Как это ни смешно, но первым делом, решив строить жизнь по— своему, он завел... кур.
Не путайте с фермерством или натуральным хозяйством. Он завел кур для какого-то одному ему известного научного эксперимента. В районной библиотеке случайно натолкнулся на фолиант по птицеводству, съездил в Ярославль и купил выводок породистых цыплят.
Сорокалетний, умный, сильный, в последнее время непьющий москвич, конечно, глупо смотрелся стоящим на корточках в теплом углу за печью перед загородкой из старой рыболовной сети и подчищающим тряпочкой помет на полу.
Он с губ цыплят выкармливал и выпаивал. Больше половины выжили.
Летом он уже под кустом сирени соорудил загон из металлической сетки. Корм сам готовил. Смешивал в строго научных пропорциях. Молол. Витаминные добавки подсыпал.
А когда куры стали нестись — яиц не ел. Не мог. Отдавал соседке-старушке. Но перед тем каждое взвешивал с точностью до миллиграмма, помечал в журнале против ФИО несушки. Анализировал привес в зависимости от кормления и повадок хохлаток...
Конечно, это глупо! Смешно! Не стоит внимания. Выглядит презренным ввиду задач, стоящих перед нацией. Не решает ни одного коренного вопроса, над которыми бьются лучшие патриотические умы России. Десяток кур — глупейших, кстати, созданий — какая низость, пошлость во времена эпохальных сдвигов и социальных катастроф!.. Ну а если эти десять кур спасли жизнь человека? Одного, конкретного, живого, пропадающего в битве гигантов?
Да и куры, надо сказать, красивейшие у него были! Золотисто-коричневые. С воронеными головками. Просто райские птицы. По мне, так они вовсе не глупые, а скорее простоватые. Дай им Бог здоровья, думал я. Другое дело, что, зная природу и извивы русской души, а также натуру моего друга, я ожидал охлаждения пыла у исследователя к затее, которой он отдавал все силы, талант, ум.
Знаем мы, что следует в русском сценарии следом за таким воодушевлением... В очередной раз приезжая к нему, боялся увидеть под кустом сирени окровавленный чурбан с сечкой из куриных перьев.

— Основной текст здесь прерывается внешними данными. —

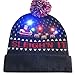 Produktbild Ears Männer Frau Damen Weihnachtsmütze Weihnachtsmann Elch Drucken Geweih Süß Mütze Stricken Beleuchten Bunte Lichter Festlicher Hut Faser Leuchtende Mütze Winter Warm bleiben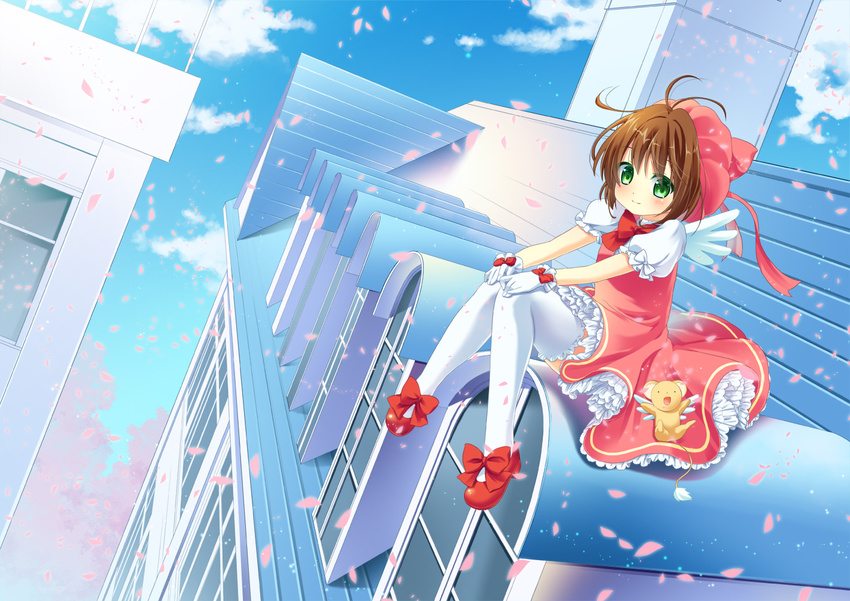 brown_hair cardcaptor_sakura cherry_blossoms dress gloves green_eyes hanamiya_natsuka hat kero kinomoto_sakura magical_girl petals pink_hat short_hair sitting thighhighs white_gloves white_legwear wings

В самом деле, куриный период жизни моего друга вскоре закончился. Но не массовой казнью подопытных — банальной их распродажей.
После чего мой друг, будто сам уподобившись птице от долгого с ней сожительства, начал клевать клювами пальцев... клавиши старенького пианино в школьном зале.

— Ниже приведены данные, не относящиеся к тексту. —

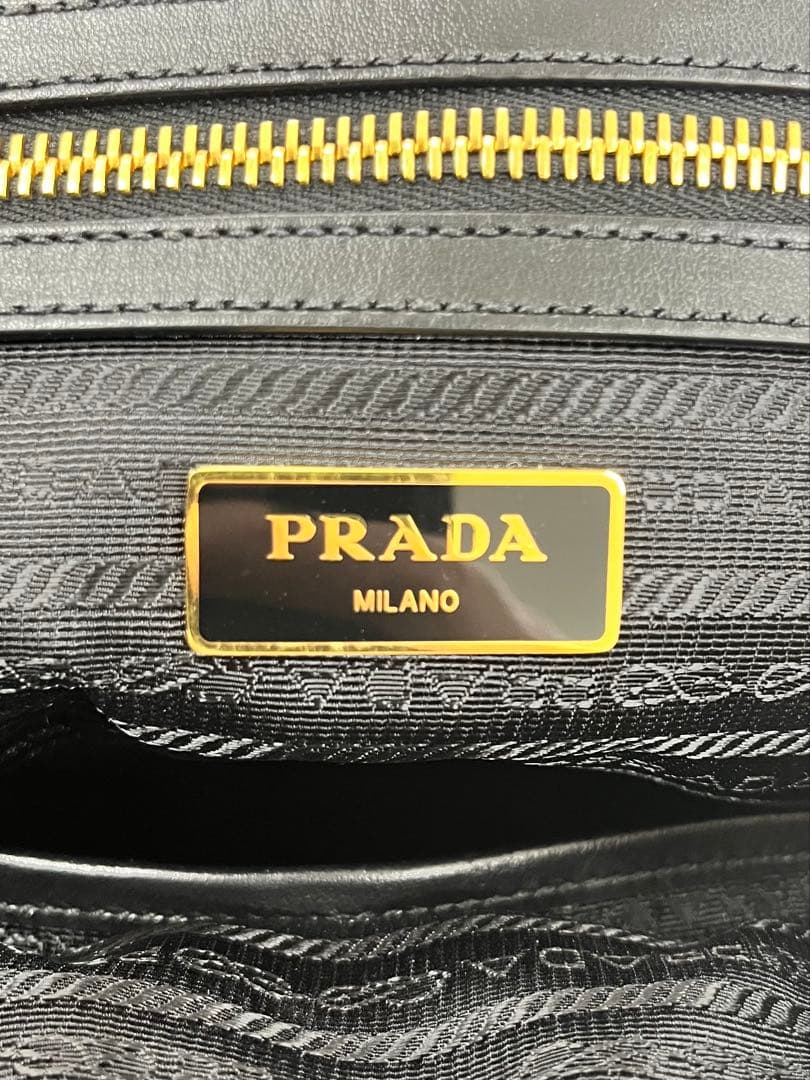 【美品】PRADA 黒 ナイロン レザー ハンドバッグ 2WAYショルダー付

Он тогда задался целью — музыке научиться.
Сорок лет человеку. Даже на расческе никогда не играл. И слуха-то, кажется, никогда не обнаруживал. И вот дома — на аккордеоне, взятом у бабушки-соседки (память о дедушке). А вечерами — в школьном зале на пианино. Много часов в день... И на этом порыве он еще одну зиму перемог. В результате стал играть на уровне третьего-четвертого класса музыкальной школы.
Бросил музыку — занялся бегом. С полгода совершал кроссы по пригородным лесам до умопомрачения.
А в только что прошедшую зиму по уникальным рисункам XVIII века, найденным в районном музее, в своей комнате изготовлял антикварную мебель: два кресла с узкими спинками и полированный столик...
Не хотелось бы мне завершать трехлетнюю, выдержанную сугубо в национальных мотивах историю его мирского скитничества заимствованным, заморским хеппи-эндом. Никогда бы я не пошел на это, если бы кропал классический рассказ. Но занимаясь здесь документальным описанием единственной и неповторимой судьбы или ее части, вынужден следовать за фактами.